The moment is already receding into a hazy, Youtube past, eclipsed by news of Texas Governor Rick Perry eating a vegetarian corn dog and other spectacles. Yet it's worth recalling, and possibly even spending a few seconds examining, what occurred last week on a stage in Ames, Iowa. All eight Republican candidates appearing at the Fox News debate on August 11 were asked if they would accept a budget deal that trades $10 in spending cuts for every $1 in tax increases. All eight raised their hands to signal they would oppose such a deal.
Liberals were predictably appalled, but even some conservatives were stunned by the lockstep opposition. At Commentary's blog, Peter Wehner wrote that "if taxes cannot be raised under any circumstance -- then we have veered from economic policy to religious catechism." Over at National Review's blog, Kevin Williamson concluded: "Chalk one up to the crazies."

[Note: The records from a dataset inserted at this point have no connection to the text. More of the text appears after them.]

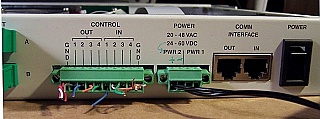 Quad 2x2 optical latching switch. With 16 SC/APC adapters. Antec P/N: LLOS-RM 253348. Verified working well at 1550nm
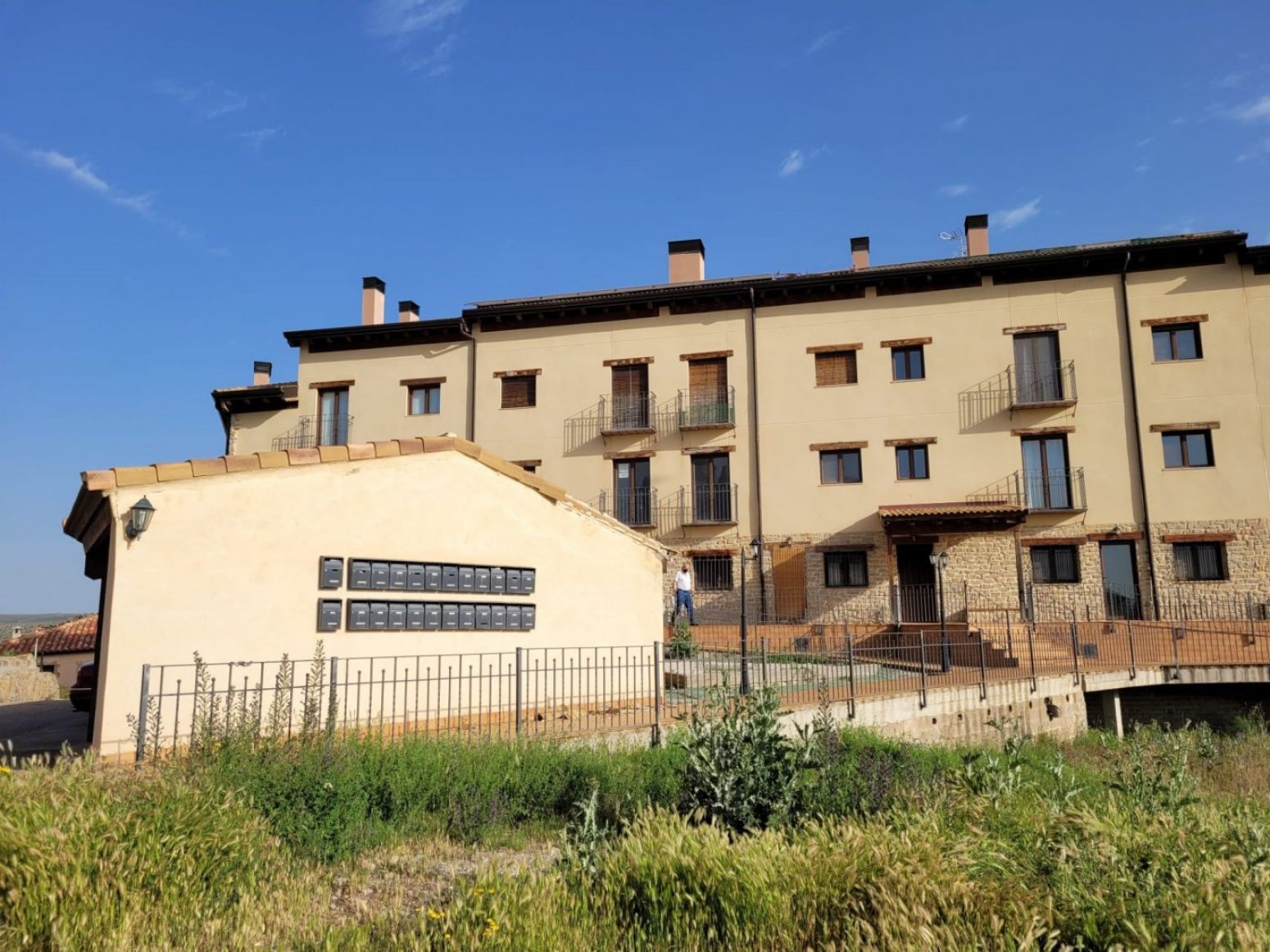 Exterior view of Attic for sale in Aguilar del Alfambra  with Heating, Parquet flooring and Storage room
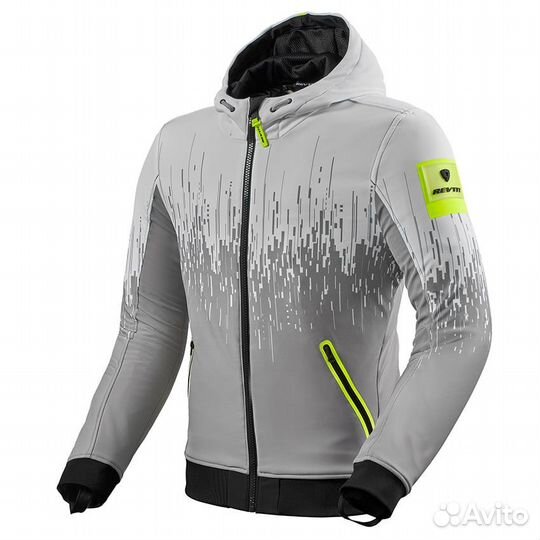 Rev'it Quantum 2 WB Jacket Light grey-neon yellow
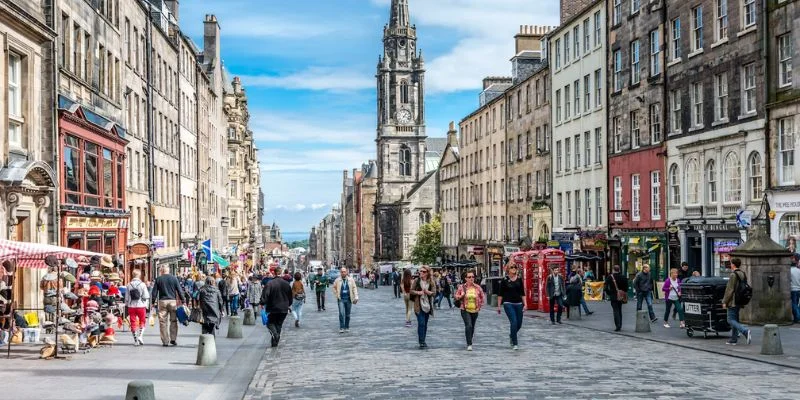 Lufthansa Airlines Edinburgh Office in Scotland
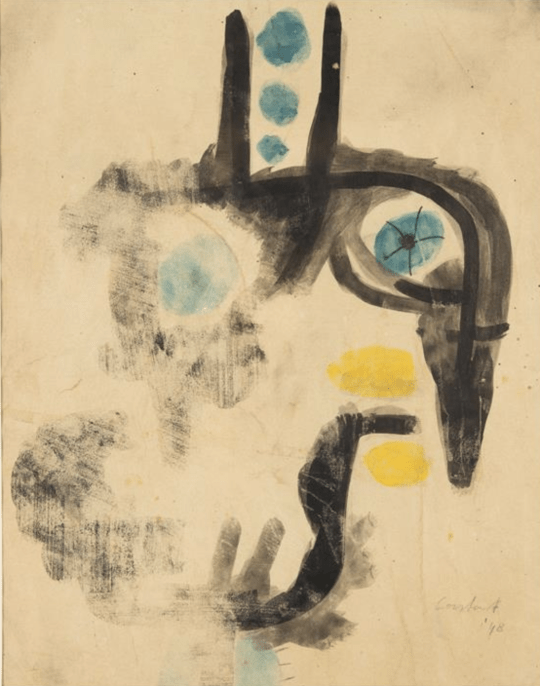 2021 Gouache, 1948, signed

That has generally been the liberal response to recent Republican pronouncements that seem dubious even by conservative standards. (See debt-ceiling brinksmanship, support for ethanol and oil subsidies, opposition to Simpson-Bowles deficit reduction, abandonment of cap-and-trade, demonization of RomneyCare, etc.) Yet when eight accomplished, apparently rational, leaders, all finely attuned to political risk and reward, say they would torpedo a near-perfect deal that achieves the party's avowed goals of deficit reduction and smaller government, something more than "crazy" must be at work.
One possible explanation comes from Thomas B. Edsall, whose The Age of Scarcity will be published by Doubleday in January. In the New Republic last fall, Edsall wrote:
With resources shrinking, the competition for them will inflame. Each party will find itself in a death struggle to protect the resources that flow to its base -- and, since the game will be zero-sum, each will attempt to expropriate the resources that flow to the other side.

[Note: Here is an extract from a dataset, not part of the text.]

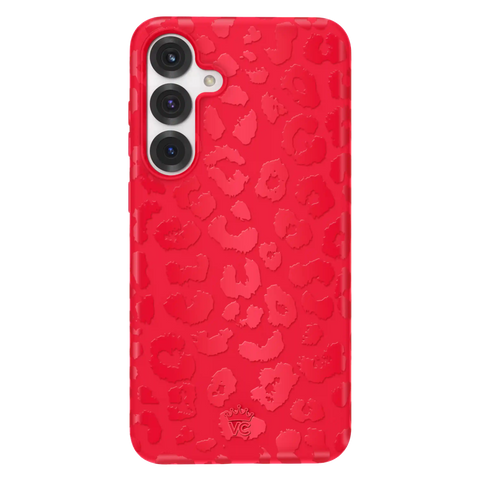 Red Hot Leopard Samsung Case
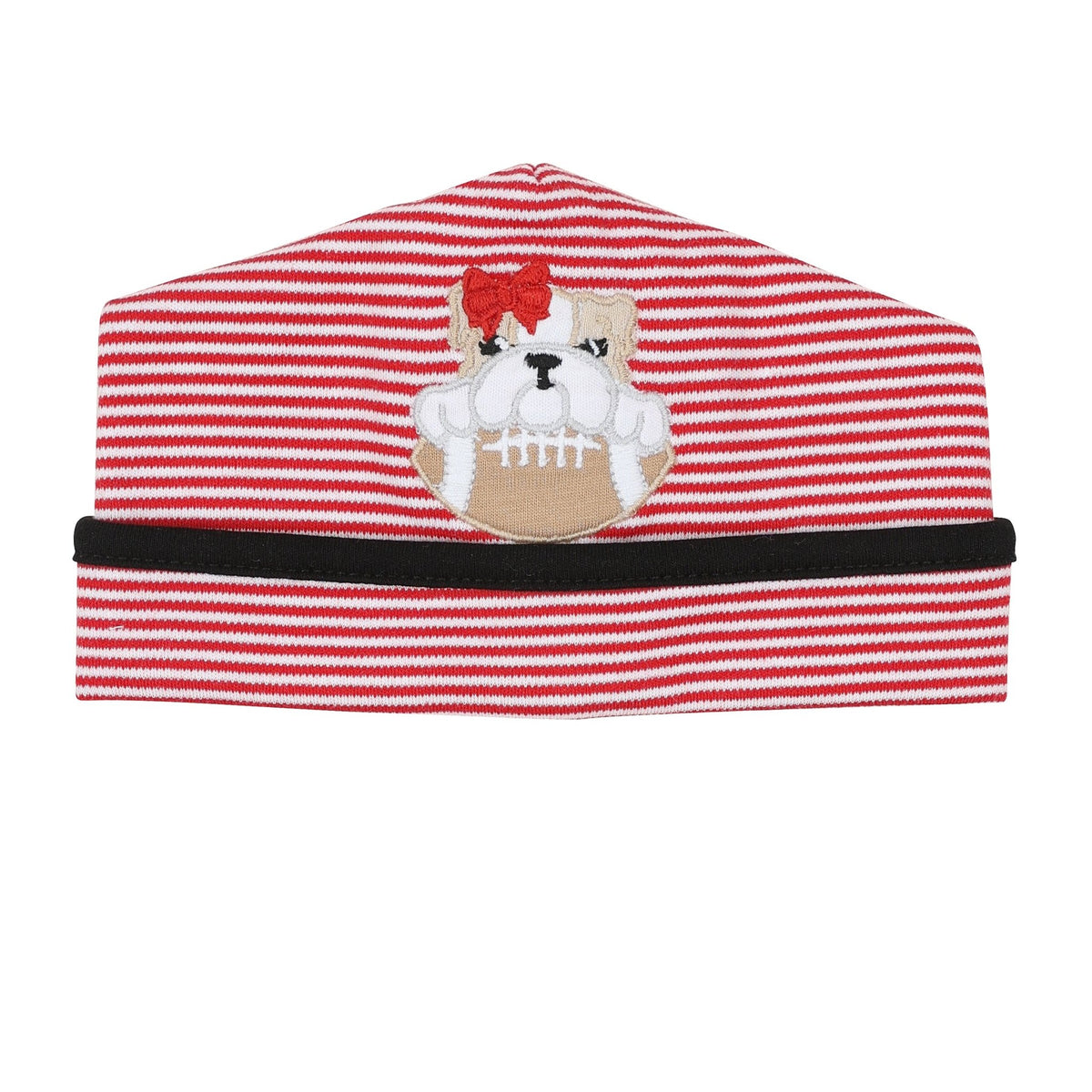 Magnolia Baby_Bulldog Pride Applique Hat - Red Girl_1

Under a model of political compromise in which each party attempts to get the best outcome it can, with the two sides meeting somewhere near the middle, the 10-1 formula represents a total triumph for Republicans. Under Edsall's model -- essentially civil war by other means -- holding an absolute line on taxes may be worth it to protect Republican constituencies and make sure that the other guys shoulder all the pain.

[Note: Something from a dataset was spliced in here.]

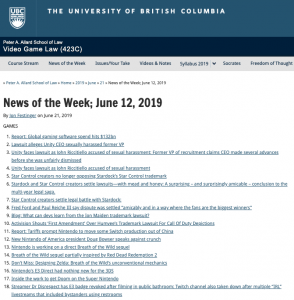 News of the Week; June 12, 2019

It's hard to believe that any of the Republicans in Ames wouldn't embrace a 10-1 deal as President. But it's a little alarming that, having surveyed the mood of the Republican base, all eight reached the same conclusion: Even a 10-1 deal is beyond the Republican Party's current capacity for compromise. There have been moments in American history when domestic compromise was deemed by one group or another to be beyond the pale. I can't think of any that were good.
(Francis Wilkinson is a member of the Bloomberg View editorial board.)